Some of these things will take longer to work on and will never be perfect. Like your relationship, or your career. You can’t just ignore those. But is there anything bringing you down that you can deal with immediately? Could you get more sleep tonight? Could you make healthier choices in your diet? Sometimes just getting rid of or changing your attitude about a little struggle can completely re-energize you.

     4. Ask yourself what you want your future to look like.

After deciding what I need to get rid of, I remind myself of what I’m trying to create. Try asking yourself where you want to be in the future. Be specific. What do you want to be able to do? Who do you want to be serving? How much money do you want to be making? Why? What do you want to be able to provide for family and friends? What experiences do you want out of life?

Dreaming of your future helps put things back in perspective. In fact, it’s one of the best ways to get re-motivated. What you’re doing today is not just for the sake of feeling good today. What you’re doing today is because you want to have something later. Whether you want to travel the world, start a charity, or send your kids to a good school, today’s work is for the sake of that future, not your mood.

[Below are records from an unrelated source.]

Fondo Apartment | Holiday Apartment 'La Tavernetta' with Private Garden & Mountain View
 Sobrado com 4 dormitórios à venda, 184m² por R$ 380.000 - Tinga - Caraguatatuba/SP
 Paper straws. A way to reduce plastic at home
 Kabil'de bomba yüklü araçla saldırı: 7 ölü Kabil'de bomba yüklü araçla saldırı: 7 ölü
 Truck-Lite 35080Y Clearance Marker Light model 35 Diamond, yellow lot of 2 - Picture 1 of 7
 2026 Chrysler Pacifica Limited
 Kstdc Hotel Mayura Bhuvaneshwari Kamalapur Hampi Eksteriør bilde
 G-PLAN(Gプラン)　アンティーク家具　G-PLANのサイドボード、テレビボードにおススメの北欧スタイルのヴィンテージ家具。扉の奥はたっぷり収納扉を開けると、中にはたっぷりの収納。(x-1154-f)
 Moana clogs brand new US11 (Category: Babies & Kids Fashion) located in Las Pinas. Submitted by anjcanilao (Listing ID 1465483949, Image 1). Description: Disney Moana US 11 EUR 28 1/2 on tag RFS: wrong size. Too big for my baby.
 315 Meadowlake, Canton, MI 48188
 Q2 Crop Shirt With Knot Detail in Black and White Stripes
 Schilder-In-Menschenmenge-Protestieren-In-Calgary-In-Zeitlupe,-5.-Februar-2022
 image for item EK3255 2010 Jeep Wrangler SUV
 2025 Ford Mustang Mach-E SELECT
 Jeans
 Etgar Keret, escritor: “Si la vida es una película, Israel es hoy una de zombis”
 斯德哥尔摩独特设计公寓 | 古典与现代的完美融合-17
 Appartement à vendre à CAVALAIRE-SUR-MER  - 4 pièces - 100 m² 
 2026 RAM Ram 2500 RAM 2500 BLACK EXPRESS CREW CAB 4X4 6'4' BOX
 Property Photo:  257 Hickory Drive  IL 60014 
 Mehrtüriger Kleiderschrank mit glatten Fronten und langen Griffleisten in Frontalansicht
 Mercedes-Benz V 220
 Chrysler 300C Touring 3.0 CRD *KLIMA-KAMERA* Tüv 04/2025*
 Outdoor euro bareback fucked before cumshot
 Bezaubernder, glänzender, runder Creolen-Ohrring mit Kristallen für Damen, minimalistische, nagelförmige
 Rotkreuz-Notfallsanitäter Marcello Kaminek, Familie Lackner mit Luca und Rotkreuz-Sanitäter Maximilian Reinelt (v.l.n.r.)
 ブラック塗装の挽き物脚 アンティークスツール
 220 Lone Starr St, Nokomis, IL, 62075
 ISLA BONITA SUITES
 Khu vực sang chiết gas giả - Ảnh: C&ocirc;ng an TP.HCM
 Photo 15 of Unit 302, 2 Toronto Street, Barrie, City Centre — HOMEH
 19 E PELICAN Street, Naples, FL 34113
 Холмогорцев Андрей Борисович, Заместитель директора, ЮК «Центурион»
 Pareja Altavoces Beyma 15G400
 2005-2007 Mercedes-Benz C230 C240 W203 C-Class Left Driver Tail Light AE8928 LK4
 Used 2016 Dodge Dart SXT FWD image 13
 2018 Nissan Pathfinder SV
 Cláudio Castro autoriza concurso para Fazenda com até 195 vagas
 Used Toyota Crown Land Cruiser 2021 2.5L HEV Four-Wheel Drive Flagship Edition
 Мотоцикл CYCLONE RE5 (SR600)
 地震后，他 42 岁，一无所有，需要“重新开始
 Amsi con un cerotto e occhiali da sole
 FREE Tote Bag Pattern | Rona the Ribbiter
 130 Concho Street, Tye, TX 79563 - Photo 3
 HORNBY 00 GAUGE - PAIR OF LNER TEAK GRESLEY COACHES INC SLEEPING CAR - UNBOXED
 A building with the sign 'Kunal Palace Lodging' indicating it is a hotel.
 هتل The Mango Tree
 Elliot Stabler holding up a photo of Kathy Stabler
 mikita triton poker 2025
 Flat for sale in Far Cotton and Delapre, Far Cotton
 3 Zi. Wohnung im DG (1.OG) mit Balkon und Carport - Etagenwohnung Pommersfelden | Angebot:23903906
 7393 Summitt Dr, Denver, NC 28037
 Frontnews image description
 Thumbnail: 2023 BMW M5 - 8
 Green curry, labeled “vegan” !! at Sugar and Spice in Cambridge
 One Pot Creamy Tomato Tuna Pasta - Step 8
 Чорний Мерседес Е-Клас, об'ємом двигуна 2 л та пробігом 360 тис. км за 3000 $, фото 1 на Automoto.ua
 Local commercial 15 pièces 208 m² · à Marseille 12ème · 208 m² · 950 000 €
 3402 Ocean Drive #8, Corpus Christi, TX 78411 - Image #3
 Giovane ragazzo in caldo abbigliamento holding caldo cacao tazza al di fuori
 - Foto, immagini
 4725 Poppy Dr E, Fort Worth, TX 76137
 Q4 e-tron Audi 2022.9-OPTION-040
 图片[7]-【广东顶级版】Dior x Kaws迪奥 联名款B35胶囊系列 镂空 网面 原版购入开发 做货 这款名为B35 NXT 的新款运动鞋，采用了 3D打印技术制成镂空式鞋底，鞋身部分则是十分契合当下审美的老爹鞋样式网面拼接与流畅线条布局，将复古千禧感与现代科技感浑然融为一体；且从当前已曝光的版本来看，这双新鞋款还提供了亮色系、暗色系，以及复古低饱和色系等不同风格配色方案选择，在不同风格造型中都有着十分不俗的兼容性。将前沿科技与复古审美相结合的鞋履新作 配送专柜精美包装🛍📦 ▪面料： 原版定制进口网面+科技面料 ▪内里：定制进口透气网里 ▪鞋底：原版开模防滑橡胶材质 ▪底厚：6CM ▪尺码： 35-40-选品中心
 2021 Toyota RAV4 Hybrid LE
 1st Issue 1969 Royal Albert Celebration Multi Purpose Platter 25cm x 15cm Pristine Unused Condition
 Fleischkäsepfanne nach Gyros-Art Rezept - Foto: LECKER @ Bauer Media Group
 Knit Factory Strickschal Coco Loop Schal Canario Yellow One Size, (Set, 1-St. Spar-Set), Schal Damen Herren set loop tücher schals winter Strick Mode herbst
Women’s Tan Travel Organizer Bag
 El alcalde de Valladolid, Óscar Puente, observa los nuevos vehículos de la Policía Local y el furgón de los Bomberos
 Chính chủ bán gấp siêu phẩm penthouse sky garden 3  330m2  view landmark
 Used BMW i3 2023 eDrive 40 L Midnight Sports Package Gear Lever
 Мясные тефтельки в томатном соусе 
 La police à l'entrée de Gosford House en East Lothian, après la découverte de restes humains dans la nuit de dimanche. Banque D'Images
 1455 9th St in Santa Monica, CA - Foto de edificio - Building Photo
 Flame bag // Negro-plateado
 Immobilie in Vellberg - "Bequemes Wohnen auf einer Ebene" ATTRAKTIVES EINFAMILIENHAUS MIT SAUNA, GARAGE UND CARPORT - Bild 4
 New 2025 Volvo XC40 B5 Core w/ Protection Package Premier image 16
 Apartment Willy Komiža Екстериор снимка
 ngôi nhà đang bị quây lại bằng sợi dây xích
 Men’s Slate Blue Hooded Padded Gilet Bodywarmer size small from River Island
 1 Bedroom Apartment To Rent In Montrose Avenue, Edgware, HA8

     5. Ask yourself how you’ll get where you want to go.

Once you know what you want your future to look like–the place from where you want to be looking back on today–ask yourself two tough questions. They’re easy to answer but the answers demand your hard work and self-discipline:

Will you get there by being disciplined and productive? Maybe, maybe not (though if you do miss the moon you may land in the stars). But will you ever get there without being disciplined and productive? No. Definitely not.

6. Ask for help.

This might be the hardest step to take, but it’s often the most valuable, and sometimes the only one that’ll do it for you. When you’re struggling with discouragement, whether it’s laziness or depression, or just a little mood swing, reaching out for help can be a game-changer.

You can find encouragement, teamwork, accountability, or another form of support. And lots of people are ready and eager to help you. But you have to ask for it. You can ask friends and family. The most helpful teammate I have is my girlfriend, who knows me and cares about me more than anyone else. If you’re a religious person, you can reach out to God. An impressive amount of highly productive and successful people say one of the biggest anchors they have is prayer and church. Wherever you find support, don’t be afraid to go there. And when you feel embarrassed for needing help, that’s probably when you need it most.

These six steps help me a lot. I hope they help you, too!

We’re all in this together. What are some other ways you’ve learned to keep going when you’re discouraged?